Workplace Harassment Isn’t Just About the Victim
In May 2011, Hispanic employees at a Dallas transportation company sued their employer for what they alleged was a hostile work environment. That doesn’t sound remarkable, but what makes this case interesting is the fact that these workers were not suing because they were being harassed, but felt they were victims because they had observed or heard about workplace harassment aimed at black employees in the company. This, their lawyers argued, made it a hostile environment because if blacks were finding it hostile, Hispanics would too.
While the employer won this particular case, there will likely be more cases in which employees attempt to sue employers for treatment of fellow employees who belong to a different protected class, according to an article in Business Management Daily, by the HR Specialist: Texas Employment Law. The key in this case is the employee’s inclusion in a protected class.
Can a Witness Sue?
“Individuals who witness harassing behavior based on an individual's status in a protected class do not have a separate cause of action, unless they too claim that the workplace is hostile and the hostility is based on their own status in a protected class,” says Stephen McQuade, a New York employment attorney with Certilman Balin Attorneys, and Chair of NYCLA's Labor Relations and Employment Law Committee.

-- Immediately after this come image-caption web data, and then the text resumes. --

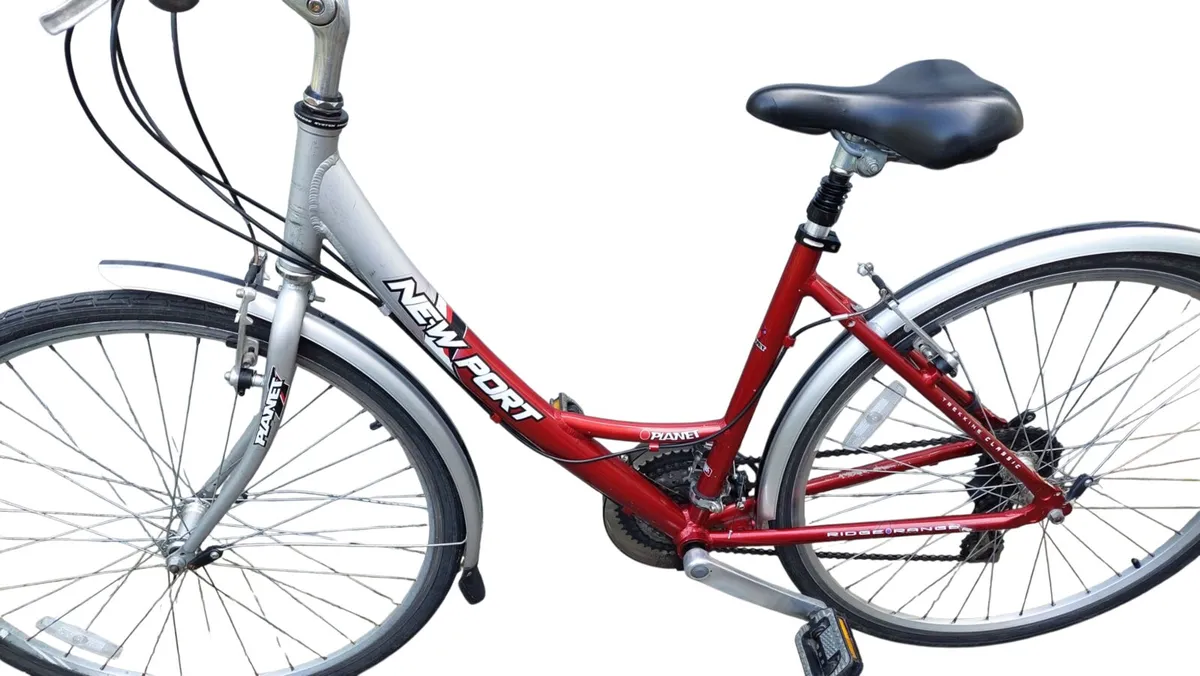 Ladies Newport Planet City Bike - Image 3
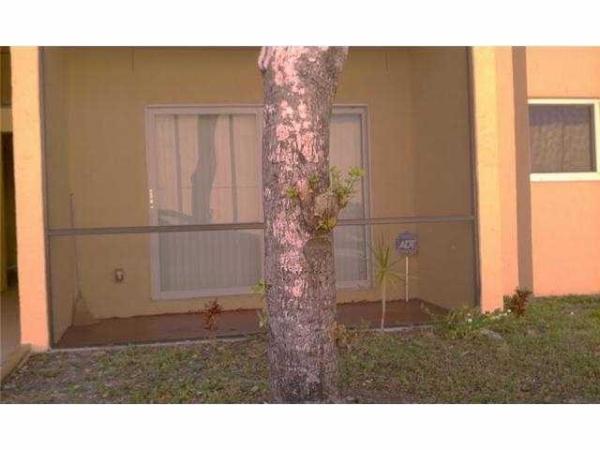 Stonebridge Gardens, 2924 NW 55th Ave #1D, Lauderhill, Florida 33313, image 3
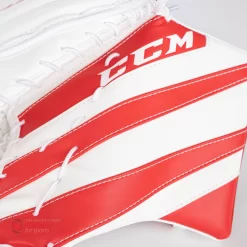 CCM Extreme Flex E5.5 Youth Goalie Catcher 15 CCM Extreme Flex E5.5 Youth Goalie Catcher -Sports - Hockey ccm catchers ccm extreme flex e5 5 youth goalie catcher 27972558979138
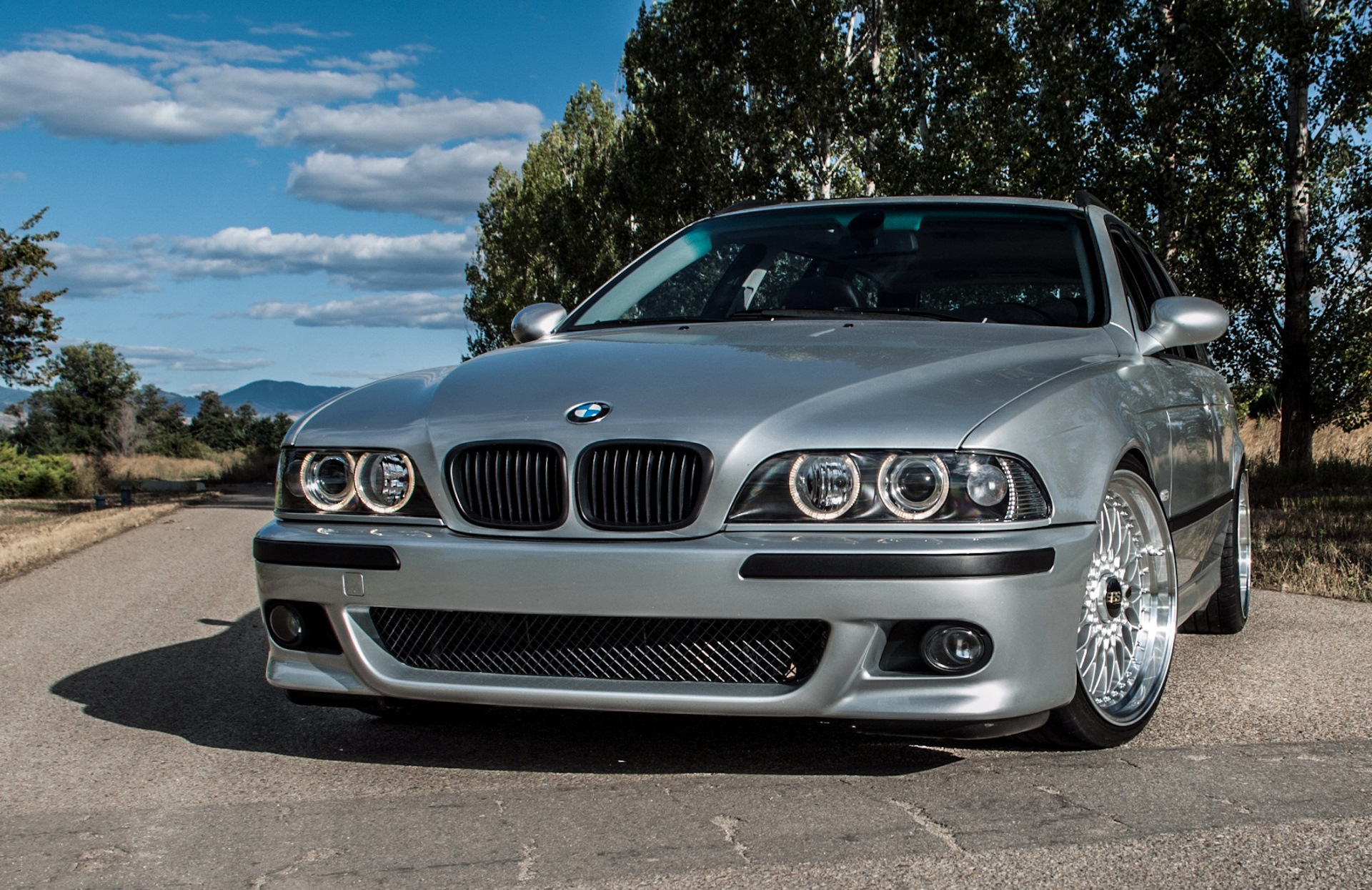 BMW m5 e39 девушка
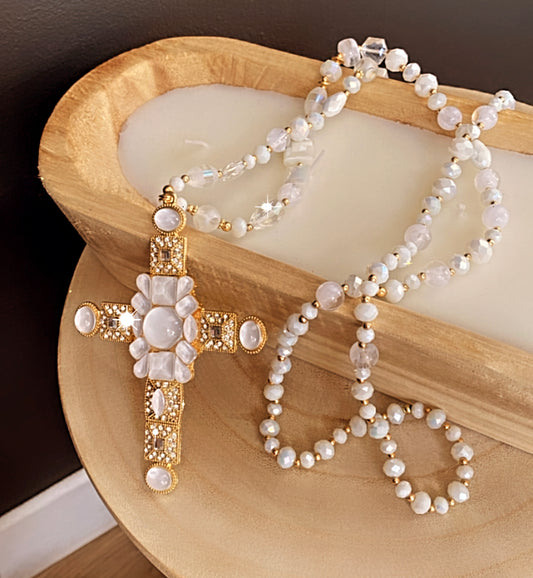 Sautoir croix perles blanches  NORA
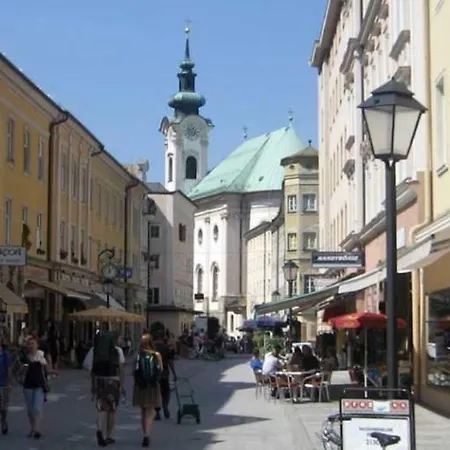 Stilvolle Im Herzen Salzburgs アパート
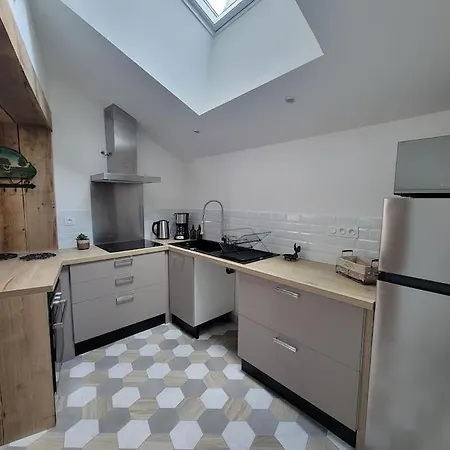 فندق Logis La Cabanelle Athee (Mayenne)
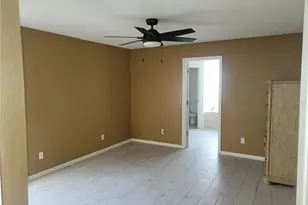 1142 Bluegrass Dr, Groveland, FL 34736 - Photo 8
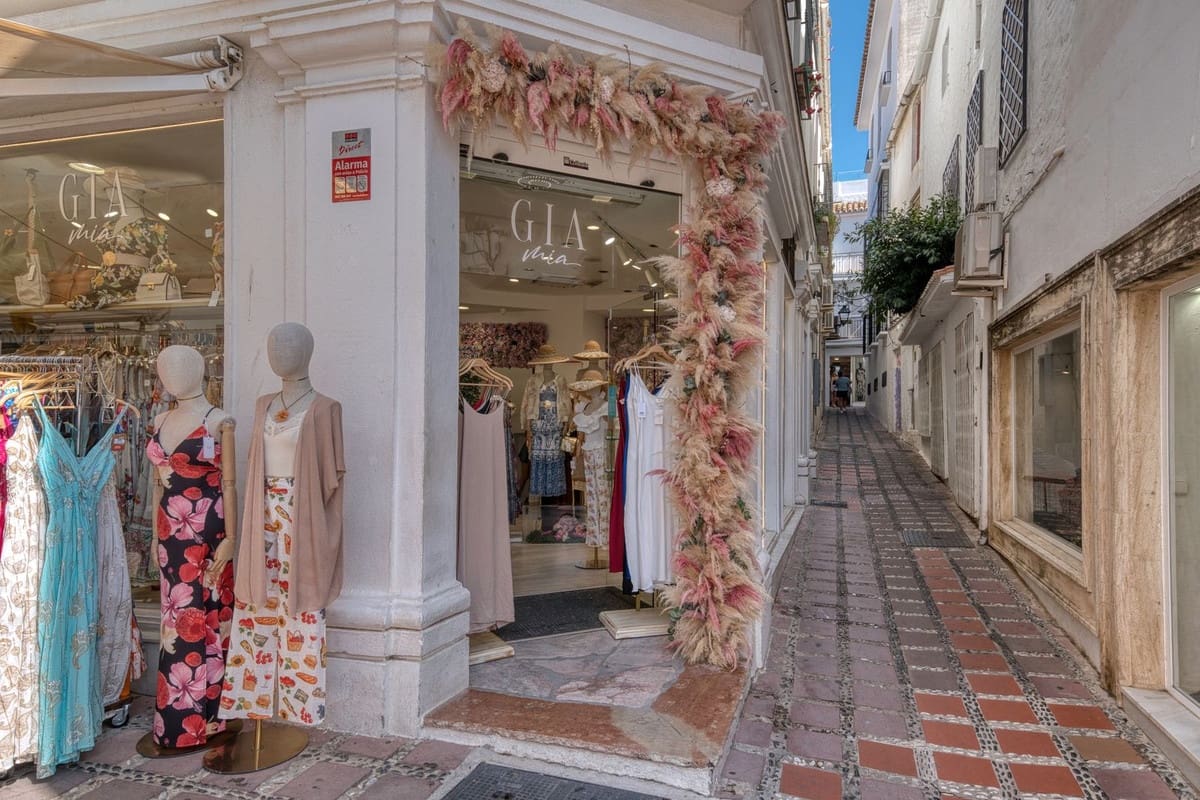 2 bedroom Townhouse for rent in Marbella - € 1,800 (Ref: 9103943)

He gives an example of a male employee who sees his female co-worker receiving lower wages than other male employees doing the same job. Generally speaking, he doesn’t have his own claim against the employer, says Mc Quade. However, employees who participate, file a claim, or testify on behalf of those being harassed and are then subjected to an “adverse employment action”, do have protection under the laws.
“They would be able to bring a retaliation claim, which is not always tied to an individual's status in a protected class,” he says. In the example above, if that male employee made a statement before an administrative agency or even the employer's own HR department in support of his co-worker's claims, and then was demoted, he could sue the employer for retaliation, says Mc Quade.
But it’s not just employees from protected classes, or those who suffer retaliation, who experience the consequences of what happens to their coworkers. Employees who witness or hear about harassment in the workplace are all affected in some way.
“Other employees in the company are often interviewed by management and then called as witnesses if a claim is made,” says Thomas Simeone, a Washington, DC, trial attorney with Simeone and Miller, LLP. “This creates a very uncomfortable position for them - they want to speak the truth (and may, in fact, have suffered from the same hostile work environment), but they feel they are risking their jobs by testifying against their employer (particularly in bad economies or for workers who do not have other work options). It is not uncommon for witnesses to ‘not remember’ or to otherwise not testify as favorably as the claimant thinks they will.”
Witnessing harassment or working in a hostile environment is damaging to all employees, regardless of their involvement or its legal implications. Low morale, lack of motivation and culture of fear can develop and that is bound to affect the atmosphere of a company and, ultimately, its productivity.